Another part of the real estate market is starting to crumble
While the struggles of mall REITs are no secret given Amazon’s increased dominance of the retail sector, real estate investors may also contemplate putting apartment REITs on their warning lists.
That’s because although apartment real estate investment trusts have done well this year — and since the end of the housing crisis, in general — rent growth is starting to slow.
To understand the current situation of multifamily rental housing, some recent history is necessary. In the lead-up to the housing crisis, homeownership in the U.S. rose from 64% to 69% at its peak in 2005 and 2006. But then, after the crisis, it started to collapse, and 5 million or so households that once owned homes (however briefly and tenuously) went back to renting. Homeownership is below 64% now.
To be sure, many single-family homes were converted to rentals, but many individuals and families who could no longer afford to own homes rented apartments. So the housing crash turned out to be a once-in-a-lifetime boon to apartment landlords.
Just as demand for rentals skyrocketed, the credit crisis caused residential building, including building multifamily structures, to collapse. At its nadir in 2009, housing starts for five-unit or more structures plummeted to 53,000. The average since 1959 is around 360,000, and, prior to the financial crisis, no downturn in housing had ever caused multifamily starts to run at an annual rate below 90,000. This combination of increased demand for apartments and lack of new supply caused rents to skyrocket from around 2011 to the present.

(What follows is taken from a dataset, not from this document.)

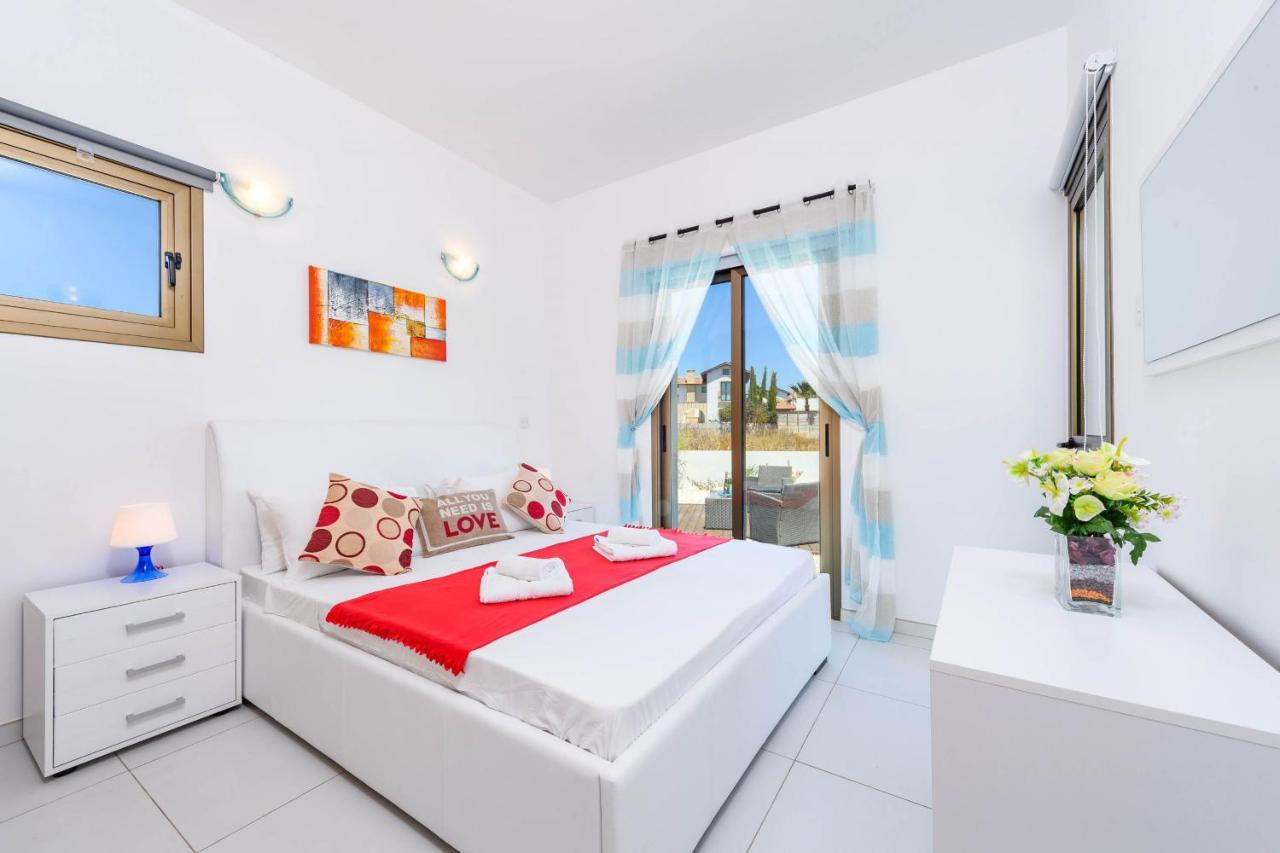 Kymma Villa #16 Ayía Nápa Extérieur photo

Increased demand and limited supply allowed apartment REITs AvalonBay Communities Inc. AVB, +0.30% Equity Residential EQR, -0.64% Camden Properties Trust CPT, +0.09% and Mid-America Apartment Communities Inc. MAA, +0.25% to raise rents 4% annually on so-called existing properties — that is, properties that had been in the portfolio the same quarter the year before. During this period the Consumer Price Index (CPI) and gross domestic product (GDP) ran at around 2%, while median household income stagnated. Our graphic shows Equity Residential’s results, and they’re similar to those of its competitors.
Rent increases slowing
The problem is for the past four or five quarters, the year-over-year rent increases have declined from the quarter before. Moreover, the first quarter showed that all the companies, except AvalonBay, raised rents over the first quarter of 2013 by less than 3%, the first time that’s happened for all of them since 2010. It’s likely that all the households squeezed out of owning during the crisis are back to renting, so apartment demand isn’t growing. Moreover, multifamily housing starts are up to their 55-year average, so supply is increasing.
Only AvalonBay managed to increase same-property rents by over 3% (3.1%, to be exact) in the first quarter of 2017. But a press release from June 6 shows the firm increased year-over-year rents in April and May by 2.6% and 2.5%, respectively. So now AvalonBay’s year-over-year same-property rent growth has dropped below the 3% line.
There’s nothing necessarily wrong with increasing rents at 2.5%, but it’s unclear the downward trend in rent increases will stop here. Rent increases, of course, could accelerate again. That’s what happened in mid- to late-2013 after increases slowed for a few quarters. But that was a time when new supply was lower than it is now.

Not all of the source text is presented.